- [Prompt] Set out exactly, and only, the lines running from the one containing "Patrón japonés de" to the bottom of the listing below; pictures stay out.

- [Material for the task]
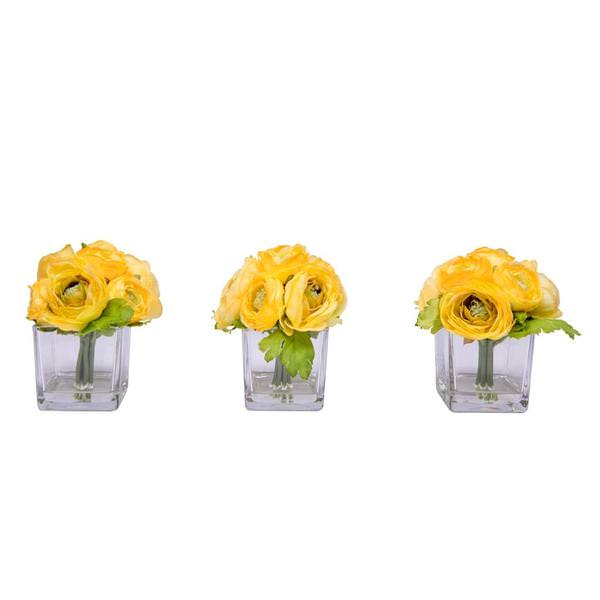 7" Artificial Yellow Ranunculus in Glass Cube (3 Pack)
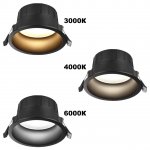 359554 WIR NT25 000 черный Светильник встраиваемый с переключателем цв. температуры IP44 LED 20W 220-240V 3000К\4000К\6000К CLARA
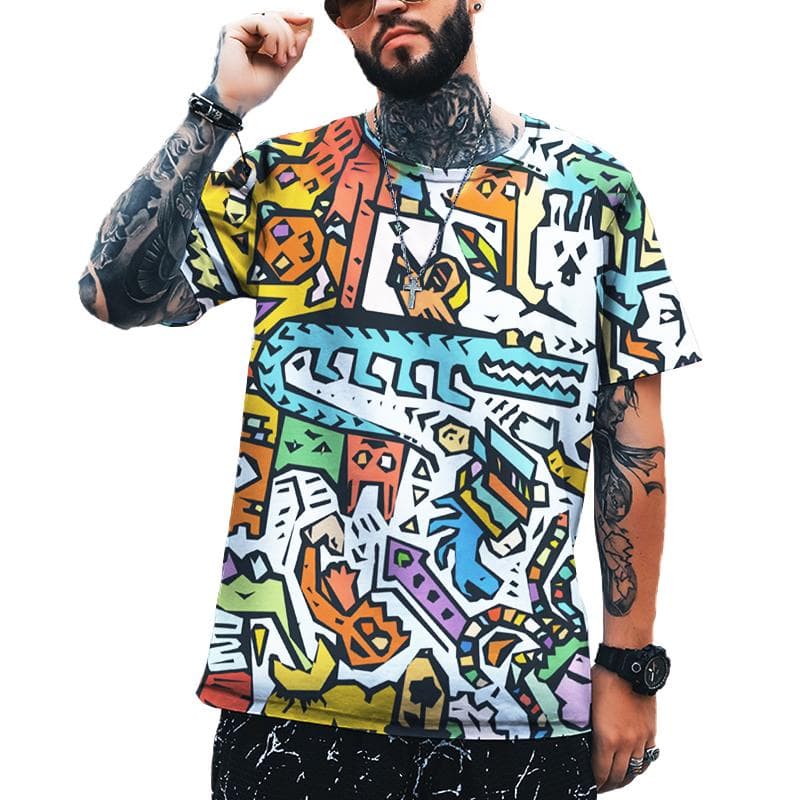 2022 New Men's Fashion Street Hip-hop Graffiti 3d Printing T-shirt 6XL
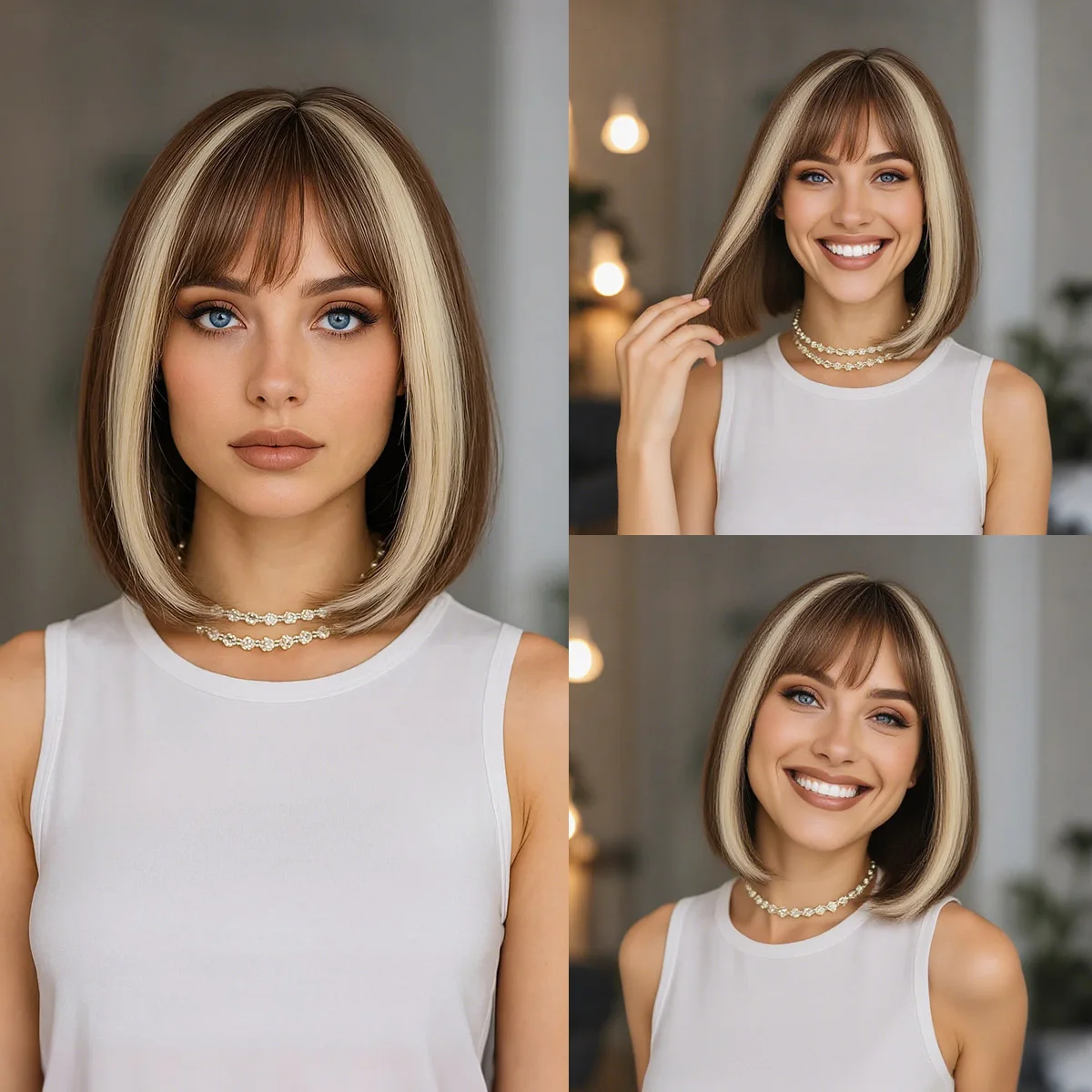 Peruca curta bob com franja 12 Polegada peruca de cabelo curto e reto para mulheres marrom preto perucas sintéticas para mulheres cosplay diário dia das bruxas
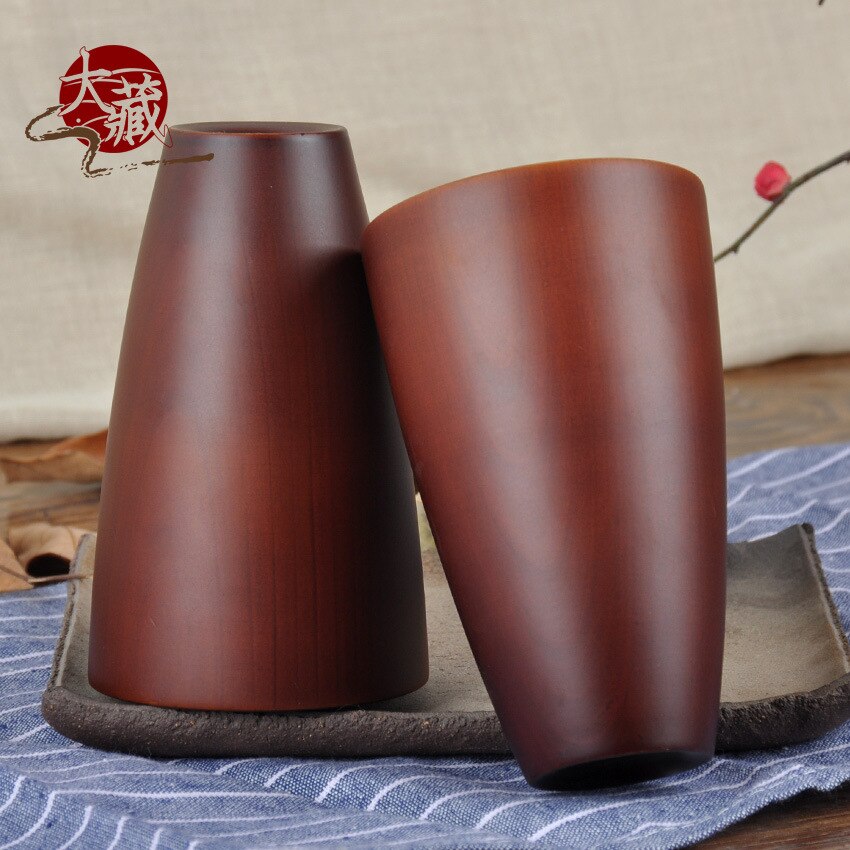 Patrón japonés de madera cubiertos chino abeto taza de agua Natural taza de te de madera anti-planchar taza de madera al por mayor del fabricante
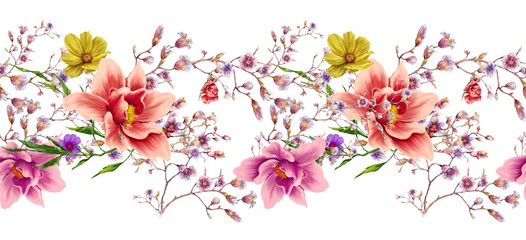 Watercolor painting of leaf and flowers, seamless pattern on white background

- [Output for this exercise]
 Patrón japonés de madera cubiertos chino abeto taza de agua Natural taza de te de madera anti-planchar taza de madera al por mayor del fabricante
 Watercolor painting of leaf and flowers, seamless pattern on white background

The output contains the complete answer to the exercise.